Single by Jordan Davis

from the album Home State
- Released: April 22, 2019
- Genre: Country
- Length: 3:13
- Label: MCA Nashville
- Songwriters: Jordan Davis; Lonnie Fowler;
- Producer: Paul DiGiovanni

Jordan Davis singles chronology
| "Take It from Me" (2018) | "Slow Dance in a Parking Lot" (2019) | "Almost Maybes" (2020) |

= Slow Dance in a Parking Lot =

"Slow Dance in a Parking Lot" is a song co-written and recorded by American country music singer Jordan Davis. It was released in April 2019 as the third and final single from Davis's debut album Home State (2018). Davis wrote the song with Lonnie Fowler, who came up with the idea after slow dancing with his wife on their first date. "Slow Dance in a Parking Lot" gave Davis his second number one hit on the Billboard Country Airplay chart. It also peaked at numbers six and 37 on both the Hot Country Songs and Hot 100 charts respectively. It was Davis' first top 40 hit on the Hot 100. The song was certified Platinum by the Recording Industry Association of America (RIAA), and has sold 53,000 copies in the United States as of March 2020. It also charted in Canada, reaching number 15 on the Canada Country chart. It received a double platinum certification from Music Canada, denoting sales of over 160,000 units in that country. An accompanying music video for the song, directed by Patrick Tracy, revolves around the life of a young man and is filmed in various parking lots around Gallatin, Tennessee.

==Content==
According to Davis, the idea from the song came from his friend and co-writer Lonnie Fowler, who recalled slow-dancing to country music while on his first date with his wife. Davis said that it "is the definition of a country song" due to it storytelling and short length.
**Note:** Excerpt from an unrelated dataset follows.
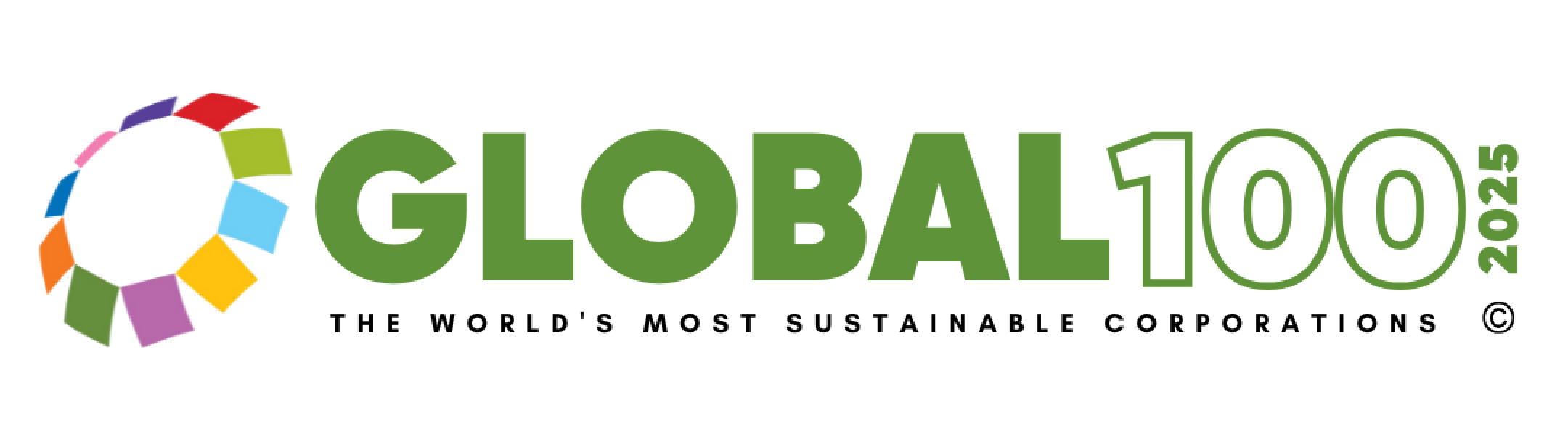 Global 100 2025 The Worlds Most Sustainable Corporations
==Commercial performance==
"Slow Dance in a Parking Lot" debuted at number 51 on the Country Airplay chart the week of May 4, 2019. It peaked at number one the week of April 11, 2020 and stayed on the chart for 51 weeks. On the week of August 3, it debuted at number 50 on the Hot Country Songs chart. It reached number six on the same week it peaked atop the Hot Country Songs chart, and remained there for 38 weeks. On the Billboard Hot 100, it debuted at number 99 the week of January 11, 2020, moved two spots to number 97 the following week before dropping back to its debut position the next week and leaving afterwards. It reappeared at number 84 the week of February 8 and peaked at number 37 ten weeks later, remaining on the chart for nineteen weeks. On June 3, 2021, "Slow Dance in a Parking Lot" was certified platinum by the RIAA in the US, for combined sales and streams of over a million units. The song has sold 53,000 copies in the United States as of March 2020.
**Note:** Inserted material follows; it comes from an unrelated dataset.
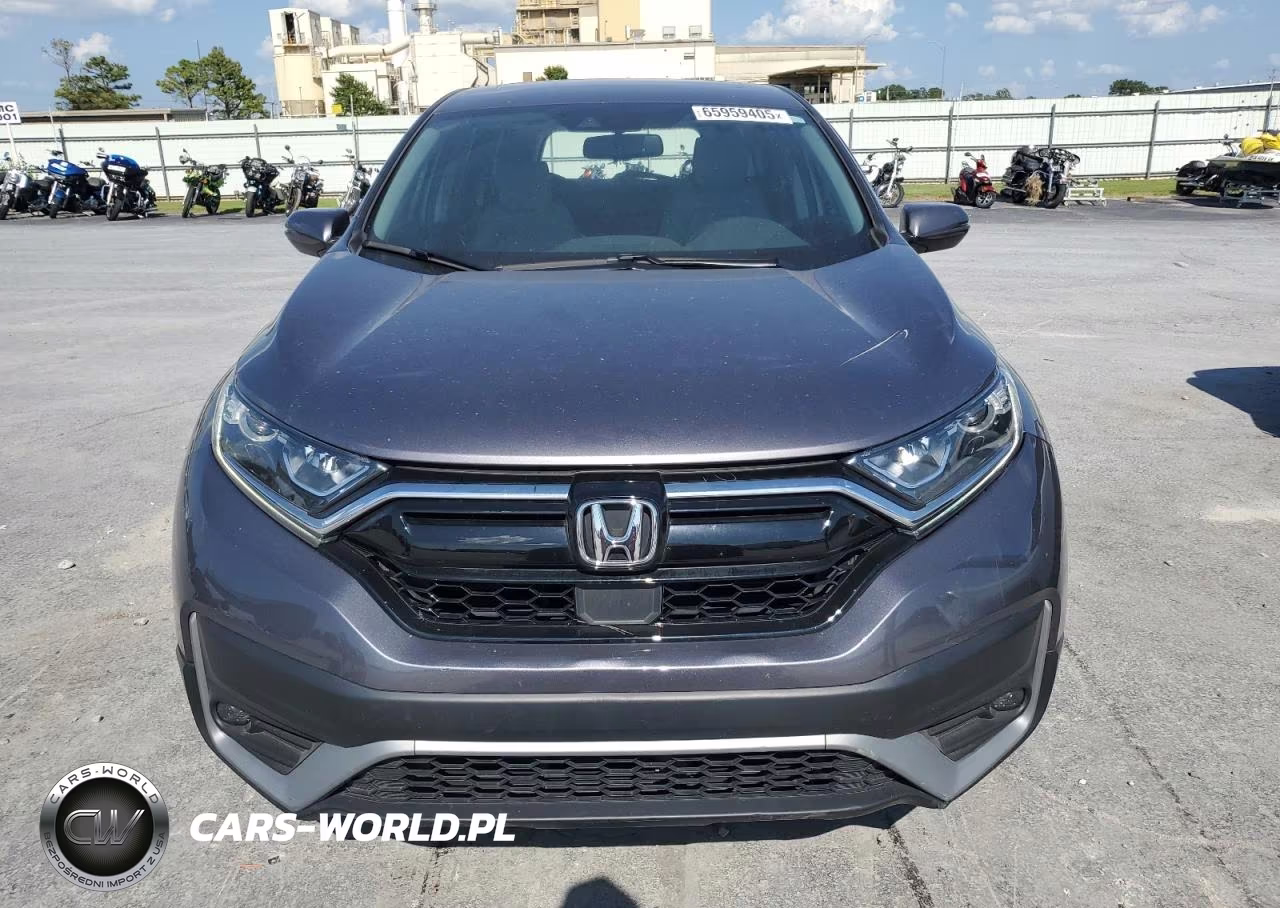 2020 Honda Cr-V Exl VIN:7FARW2H83LE002038 - 5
In Canada, the track debuted at number 50 on the Canada Country chart the week of October 12, 2019. It peaked at number 15 the same week it reached the top 40 of the Billboard Hot 100, and remained on the chart for 30 weeks. It was certified gold by Music Canada in Canada on March 16, 2021, denoting sales of over 80,000 units.

==Music video==
Davis debuted the video in July 2019. The video, directed by Patrick Tracy, features various nostalgic events in the life of a young man. Davis's wife, Kristen, appears in the video. Various parking lots throughout Gallatin, Tennessee are featured, as Davis felt that the city reflected the "universal" theme of the song.

==Charts==

===Weekly charts===

| Chart (2019–2020) | Peak position |
|---|---|
| Canada Country (Billboard) | 15 |
| US Billboard Hot 100 | 37 |
| US Country Airplay (Billboard) | 1 |
| US Hot Country Songs (Billboard) | 6 |

===Year-end charts===

| Chart (2019) | Position |
|---|---|
| US Hot Country Songs (Billboard) | 86 |

| Chart (2020) | Position |
|---|---|
| US Country Airplay (Billboard) | 26 |
| US Hot Country Songs (Billboard) | 31 |

==Certifications==

| Region | Certification | Certified units/sales |
| Australia (ARIA) | Platinum | 70,000^{‡} |
| Canada (Music Canada) | 2× Platinum | 160,000^{‡} |
| New Zealand (RMNZ) | Gold | 15,000^{‡} |
| United States (RIAA) | 3× Platinum | 3,000,000^{‡} |
^{‡} Sales+streaming figures based on certification alone.